● SUPPLIED MATERIAL

# # # # # # #

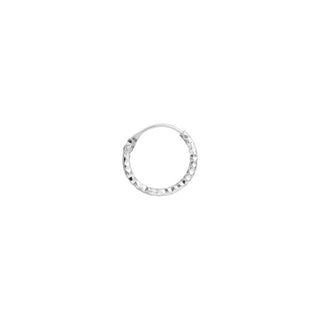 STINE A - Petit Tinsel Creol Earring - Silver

# # # # # # #

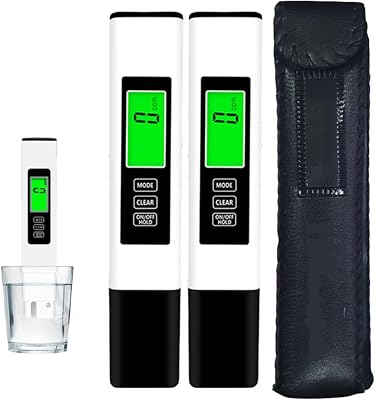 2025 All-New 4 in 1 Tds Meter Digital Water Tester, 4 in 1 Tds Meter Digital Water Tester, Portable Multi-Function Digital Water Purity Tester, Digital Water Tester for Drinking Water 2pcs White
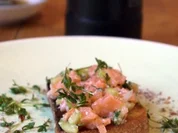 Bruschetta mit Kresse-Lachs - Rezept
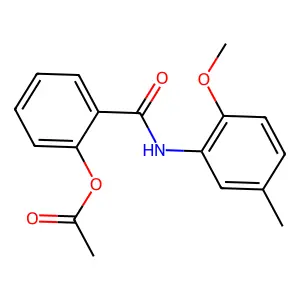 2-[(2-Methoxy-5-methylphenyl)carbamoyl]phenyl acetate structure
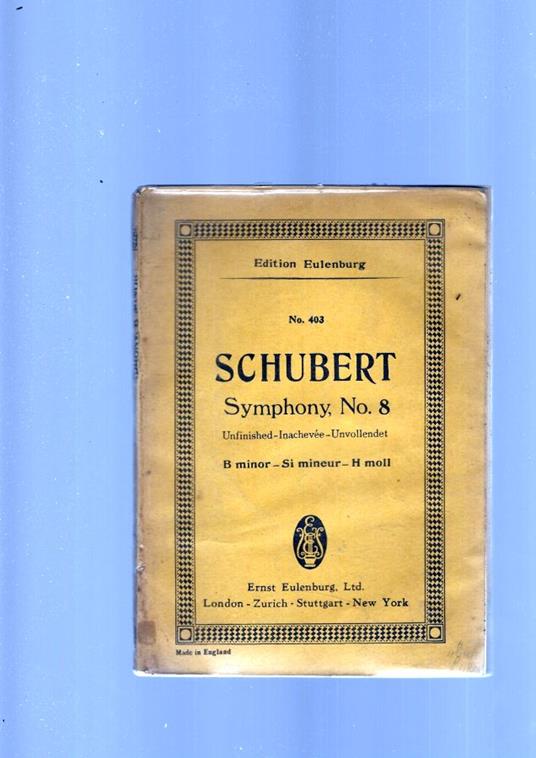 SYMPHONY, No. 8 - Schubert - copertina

# # # # # # #

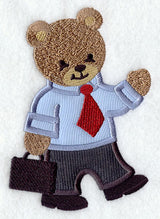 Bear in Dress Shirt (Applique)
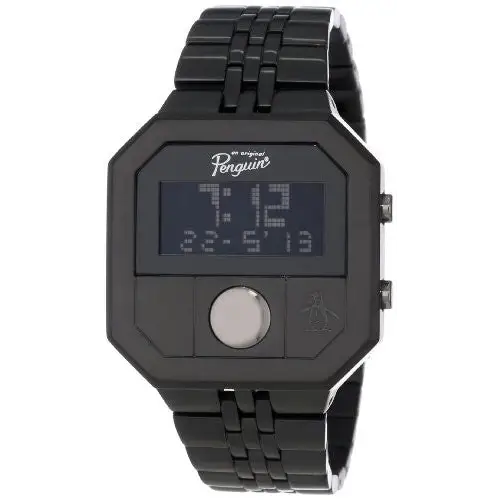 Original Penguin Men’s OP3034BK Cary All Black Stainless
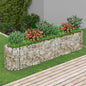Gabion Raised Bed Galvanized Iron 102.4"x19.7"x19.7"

# # # # # # #

● WHAT YOU ARE ASKED TO DO
The stretch to restate runs from the line above containing "2-[(2-Methoxy-5-methylphenyl)carbamoyl]phenyl acetate structure" through the line containing "SYMPHONY, No. 8 - Schubert - copertina". Copy it word for word, ends included, without pictures.

● EXERCISE RESPONSE
 2-[(2-Methoxy-5-methylphenyl)carbamoyl]phenyl acetate structure
 SYMPHONY, No. 8 - Schubert - copertina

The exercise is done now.